売買仲介

不動産ビジネス塾 売買仲介 初級編49 ~畑中学 取引実践ポイント~ 「未越境と共有の対応(1)」 権利侵害を適格に判断して説明

 隣地からの越境、隣地への越境がある場合は所有権等の権利侵害があるために、現地調査時に発見次第、所有者と相談をして、隣地所有者との間で解消できるのであればしておきたい。ただ、解消までの時間が足りない、交渉に時間がかかる場合は、売買契約時までには買主との間で権利侵害に関する取り決めをしておき、その旨を売買契約書等に記載しておく必要がある。

 具体的には、(1)越境を引き渡し時までに解消する、(2)将来その越境を解消する、(3)越境は解消せずそのままとして買主はそれを認める、主にこの3点のどれかの記載になる。樹木の枝の伐採や簡単に対応できる解消方法なら(1)の引き渡し時までの解消とすることが多い。引き渡し前に買主に越境の解消を確認してもらい引き渡しを行う。

 越境しているものが塀や工作物など越境状態の是正に費用がかかるものや、交渉や対応に時間がかかるものは、(2)の将来越境を解消する、とすることが多い。隣地との間で越境をしている状態を確認した上で、たとえば「将来塀をつくり直す際に越境を解消する」、「将来第三者に売却等をしてもこの合意は第三者へ継承させる」などと記した覚書を作成し隣地所有者と取り交わして、それを引き渡し時に買主に交付することを記載する。ポイントは引き渡し時までに越境を解消しないので、どのような時に越境を解消するのかを明記することだ。できるだけ具体的な記載が好ましい。

 また、越境状態の解消に費用がかかる場合はその負担をこちらで行うのか、隣地所有者で行うのかを取り決めておく。当然、売却や相続で所有者が代わった場合にもこの覚書が有効となる一文は入れておこう。

 一方で越境の解消が見込めない、もしくは売主が労力や費用面で越境の解消を行わない場合は隣地からの越境、隣地への越境はそのままとする、として買主に説明をする。権利侵害が起きている状態なので、それに伴って今後起きうることも合わせて説明が必要となる。例えば「再建築時には特定行政庁から越境解消を指示されることがある」などだ。
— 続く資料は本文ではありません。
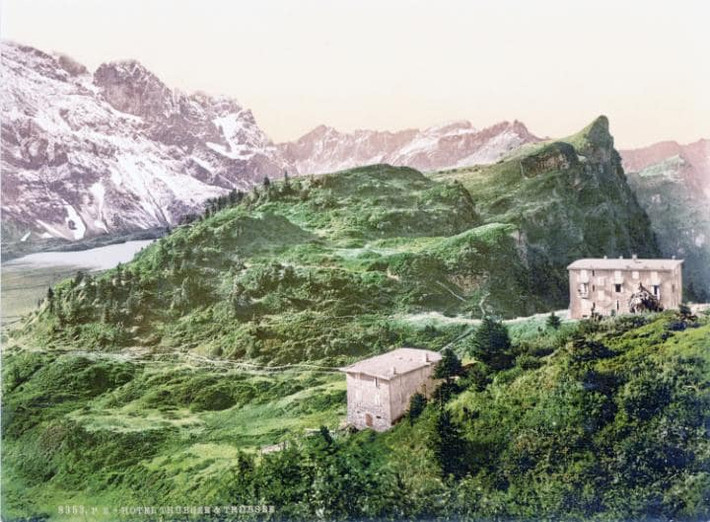 Dãy núi Alps một trong những dãy núi lớn nhất, dài nhất châu Âu, kéo dài từ Áo, Italy và Slovenia ở phía đông, chạy qua Liechtenstein và Đức tới Pháp ở phía tây. Ảnh: Khách sạn Lake Trubsee ở Berne, Thụy Sĩ. (Nguồn: Telegraph)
 筆者の実例では家を建て直すに当たって隣家建物の軒が1~2センチほど越境している状態を解消するように区役所の建築指導課から指示があったことがある。売買契約時には軒を縮めての越境解消は、隣家は消極的で、かつ売主も費用や労力を踏まえると解消は難しいと考えて、越境はそのままとして買主と契約をした次第であった。その時も建築指導課からは軒の越境解消は再建築条件の1つとして上げていたため、その旨を売買契約書に記載しておいたので買主は不満を漏らさなかったが、そうでなければクレームとなったところだ。注意をしたい点だ。

【プロフィール】

 はたなか・おさむ=不動産コンサルタント/武蔵野不動産相談室(株)代表取締役。

 2008年より相続や債務に絡んだ不動産コンサルタントとして活動している。全宅連のキャリアパーソン講座、神奈川宅建ビジネススクール、宅建登録実務講習の講師などを務めた。著書には約8万部のロングセラーとなった『不動産の基本を学ぶ』(かんき出版)、『家を売る人買う人の手続きが分かる本』(同)、『不動産業界のしくみとビジネスがこれ1冊でしっかりわかる教科書』(技術評論社)など7冊。テキストは『全宅連キャリアパーソン講座テキスト』(建築資料研究社)など。